Datum publicatie28-12-2018
ZaaknummerC/10/533015 / HA ZA 17-789
ProcedureEerste aanleg - enkelvoudig
ZittingsplaatsRotterdam
RechtsgebiedenCiviel recht; Personen- en familierecht
TrefwoordenFamilievermogensrecht; Verdeling; Medewerking aan verkoop/toedeling; Gebruiksvergoeding; Vergoedingsrechten
Wetsverwijzingen

Inhoudsindicatie

Man hoeft geen gebruiksvergoeding te betalen voor door vriendin verlaten woning, nu hij alle woonlasten en kosten vd woning draagt. Maar inbreng in gezamenlijke woning krijgt hij niet vergoed: tussen pp is (stilzwijgende) afspraak gemaakt dat de woning – die op beider naam staat geregistreerd – ieder voor de helft toekomt, ondanks een eventueel verschil in inbreng van pp bij de aankoop daarvan.
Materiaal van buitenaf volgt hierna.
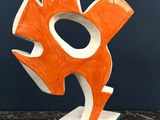 orange and white sculpture of a fish on a marble base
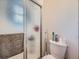Bathroom with a toilet, shower, towel and toiletries at 14665 E Stanford Pl, Aurora, CO 80015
Volgt veroordeling man om ervoor te zorgen dat de woning verzorgd en opgeruimd oogt voor (iedere) bezichtiging.

Volledige uitspraak


vonnis

RECHTBANK ROTTERDAM

Team handel en haven

zaaknummer / rolnummer: C/10/533015 / HA ZA 17-789

Vonnis van 28 november 2018

in de zaak van

[naam eiseres] ,

wonende te Dordrecht,

eiseres in conventie,

verweerster in reconventie,

advocaat mr. P.A. van Lange te Rotterdam,

tegen

[naam gedaagde] ,

wonende te Dordrecht,

gedaagde in conventie,

eiser in reconventie,

advocaat mr. H.D. van den Berg te Dordrecht.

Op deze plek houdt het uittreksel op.